Nostradamus often uses the alchemical metaphor “d’argent” for the moon when describing the complete waxing of the silver light of a full moon. The Sumatran quake took place on the day of a full moon!

Mars again was in a square aspect, like the Gujarati quake, this time with the planet Uranus. Again, many of the greatest and most devastating earthquakes in the past century took place when Mars or Uranus was either squared the sun or each other!

What then for the near future? Does the final line of the prophecy forebode another great quake, and where?

“…Corinth [Greece] and Ephesus [Asia Minor] then in a troubled state.”

There are a number of poetic possibilities for the old French meaning of “perplexité”, such as “troubled” or “chaotic” or “confused.” These need not only be applied to the “shake up” of earth tremors alone but can also point to political, or social upheavals. A great “quake” of social or natural disasters may visit Greece and Turkey next. Or perhaps a quake of terror and war from the Middle East may spread there.

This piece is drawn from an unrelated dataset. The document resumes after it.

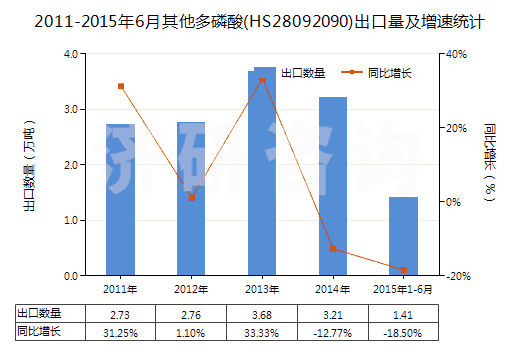 2011-2015年6月其他多磷酸(HS28092090)出口量及增速統(tǒng)計 2011-2015年6月其他多磷酸(HS28092090)出口量及增速統(tǒng)計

It could be said that Nostradamus sometimes saw future events slightly askew in sequence. We can reason that the quakes he expected in Greece and Turkey coming “after” the great temblor reported “from the bottom of Asia” have already taken place back in August of 1999.

Whatever the final sequence, Nostradamus and other prophets forecasting our new century expect earth and civilization shaking times ahead.